Deeply in love with Daphne, in February of 2004, Miles cheered the breaking news of San Francisco mayor Gavin Newsom's decision to sanction gay marriage. Though not entirely sold on the idea of marriage, Miles proposed to Daphne in 2005, afraid of losing her. The bold move backfired, sealing the end of their relationship when, on a trip back home to Colombia, Miles was asked to introduce their fiancée Daphne to extended family members as just a "friend."

Eventually, Miles began a new relationship with Ferguson, a fiercely protective ally; and with her support, Miles finally started to untangle the nagging question of their gender identity. Miles realized the dissonance they had always felt was because they were not, in fact, a woman. With this certainty, Miles decided to have top surgery double mastectomy and start using male pronouns. Yet, he couldn't shake his deepest fears. By becoming himself, would he lose his parents' love? Or would he lose his father, who was succumbing to a terminal illness, before he had the chance to tell him who he really was?

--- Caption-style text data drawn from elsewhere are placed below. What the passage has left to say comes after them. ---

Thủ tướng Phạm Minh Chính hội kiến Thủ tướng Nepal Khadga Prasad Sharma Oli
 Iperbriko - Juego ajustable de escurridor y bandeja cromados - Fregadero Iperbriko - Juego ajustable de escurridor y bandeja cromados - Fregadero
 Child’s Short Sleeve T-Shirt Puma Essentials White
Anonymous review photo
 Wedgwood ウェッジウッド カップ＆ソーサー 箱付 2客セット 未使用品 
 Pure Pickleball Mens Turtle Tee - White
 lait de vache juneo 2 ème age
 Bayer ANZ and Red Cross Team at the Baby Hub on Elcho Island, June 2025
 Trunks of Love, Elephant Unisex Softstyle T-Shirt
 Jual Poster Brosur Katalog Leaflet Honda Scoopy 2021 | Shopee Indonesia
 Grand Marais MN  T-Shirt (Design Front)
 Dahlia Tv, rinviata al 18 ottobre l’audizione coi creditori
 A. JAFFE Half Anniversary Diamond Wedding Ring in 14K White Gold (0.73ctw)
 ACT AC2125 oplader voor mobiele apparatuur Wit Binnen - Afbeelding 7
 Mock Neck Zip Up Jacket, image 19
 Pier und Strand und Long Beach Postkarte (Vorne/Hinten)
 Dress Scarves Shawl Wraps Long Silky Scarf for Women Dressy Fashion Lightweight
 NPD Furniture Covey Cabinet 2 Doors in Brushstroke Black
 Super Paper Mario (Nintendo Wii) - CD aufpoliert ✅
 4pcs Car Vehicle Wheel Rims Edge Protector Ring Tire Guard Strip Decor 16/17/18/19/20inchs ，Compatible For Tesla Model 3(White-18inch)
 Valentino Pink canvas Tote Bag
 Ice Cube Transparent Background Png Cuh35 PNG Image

In the end, Miles Borrero embodied his truth-with the blessing of both his traditional Mom and, shortly before dying, his Dad. After healing from top surgery, Miles made the decision to go on testosterone. In December of 2020, three years after his Dad's death, he went back to Bogotá, his home, to officially change his name from Camila to Camilo. Just that tiny tweak in spelling-from an 'a' to an 'o'-made all the difference in his life. Along with sharing his personal journey in BEAUTIFUL MONSTER, Miles reflects on:

  • The complexity of gender"I'm not abandoning my womanhood, rather, I'm expanding its container to allow for my masculinity," he asserts. During his transition, Miles came to understand that needing something for his well-being was neither vanity nor self-indulgence, but a necessity.
  • Death. From his study of Buddhism and yoga, along with his many trips to India, and the tragic example of his grandmother Marina-who crawled into her recently deceased husband's hospital bed and spent the next 10 years dying-Miles came to view death as not something to be feared but an organic part of being human.
  • Love. As Miles came to realize, the extent to which our love is felt is in how we show up for one another, and our ability to listen deeply. Fortunately, the world is full of brave, fair, wholehearted people.

As Gretchen Young, publisher of Regalo Press, observes: "Miles Borrero's exquisite prose elevates the memoir genre to new heights and transforms his deeply personal experiences and perspectives into a sobering yet celebratory and uplifting work of art with universal appeal."